“Oh Hughie,” says he, “is that your spirit travelling the earth?”
“It’s myself is walking the world, and I not buried at all,” says the voice. “The Good People have me away, and the corpse was an old image cut from bog stick that they left in my bed to deceive you.”
“Then it’s yourself is using the food from this house, my poor boy?” says Shan.
“Aye, indeed,” says the voice, “and sometimes it’s little I find. It does be hard on me to refuse the noble refreshment the fairies set out, but if I’d eat of the like I could never escape from their power. Do you tell herself to leave me a mug of sweet milk and a morsel of bread on the sill of the window, to keep me from hungering more.”
“You’ll have the best in the house left ready against you come,” says Shan. “But will you tell me what way am I to contrive a rescue?”
“It’s easy enough,” says the voice. “But I’m diverting myself with the fairies, and I’ll not be coming home for a while. They took me out oversea to America and showed me the wonders are there. Sure maybe it’s in France I’ll be at the dawning of day!”

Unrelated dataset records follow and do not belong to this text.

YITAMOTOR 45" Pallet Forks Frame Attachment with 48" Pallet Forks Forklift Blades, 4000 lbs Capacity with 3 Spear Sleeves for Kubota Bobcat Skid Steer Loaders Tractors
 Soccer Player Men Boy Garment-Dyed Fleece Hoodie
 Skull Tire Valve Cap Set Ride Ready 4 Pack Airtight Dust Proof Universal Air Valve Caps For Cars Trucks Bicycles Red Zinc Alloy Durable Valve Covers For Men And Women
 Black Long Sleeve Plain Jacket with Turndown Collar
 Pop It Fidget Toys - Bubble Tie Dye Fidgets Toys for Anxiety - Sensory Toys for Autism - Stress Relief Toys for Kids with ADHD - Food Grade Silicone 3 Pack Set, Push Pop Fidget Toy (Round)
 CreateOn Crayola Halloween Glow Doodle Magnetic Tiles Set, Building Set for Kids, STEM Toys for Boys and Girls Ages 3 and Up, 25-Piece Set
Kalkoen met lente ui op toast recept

“I’d liefer sit by our own fireside than travel the realms of the world with their like,” says Shan. “Let you give them the slip and come home.”
“I seen the King’s daughter of Spain, and a Queen of the East,” says the voice. “For let me be telling you there’s few like myself with the fairies, the way they are showing me great respect.”
Shan gets vexed at the words and he says: “Is it boasting forenenst your own brother you are? Sure we come of a poor stock of people, and I have heard tell there are lords of the fairies.”
“It’s my singing has them crazed about me,” says the voice, “for they have right understanding for music and songs.”